7.3 Pipes

You’ll often find yourself needing to use multiple functions in a row to organize some data that you’re working on. This can sometimes lead to dense code that is difficult to read.

# for example
sort(round(sqrt(cats$age * 2), 3))

In the code above, I have multiple steps to get my result, but you have to read what’s going on from the inside out. This can be cumbersome, especially if you need to understand how one function’s output influences the next operation.

7.3.1 Using Pipes

dplyr includes a special operator designed to make code flow and appear more readable.

It’s written as %>%, and you can call it the “pipe” operator.

Our example above can be re-written as:

cats$age %>% 
  sqrt() %>%
  round(3) %>%
  sort()

Instead of being nested within a bunch of commands, you can see read the code as a series of statements: 1. With the ages of all the cats, 2. Take the square-root of these values, then 3. Round the result to the 3rd digit, then 4. Sort the values in ascending order

I encourage you to think of the %>% as short-hand for “then”, when reading code that uses it!

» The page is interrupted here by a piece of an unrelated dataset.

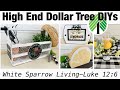 4 HIGH END DOLLAR TREE FARMHOUSE DIYS | HOME DECOR PROJECTS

“Pipe” operators are found in other languages; they get their name from the idea that your code can be thought of as a “pipeline”.

Let’s look at another example.

round(1.23456789, 3)

We can use a pipe operator to acheive the same thing.

1.23456789 %>% round(3)

The pipe takes care of making sure the output of the expression on the left-hand-side (a simple numeric, in this case) is inserted as the first argument of the expressing on the right-hand-side. We can also pipe into other argument positions by using a period as a placeholder.

3 %>% round(1.23456789, .)

These are contrived examples, and I don’t suggest using pipes for simple operations like rounding. The pipes really become useful when chaining together multiple operations in sequence, as we’ll do with our dplyr functions.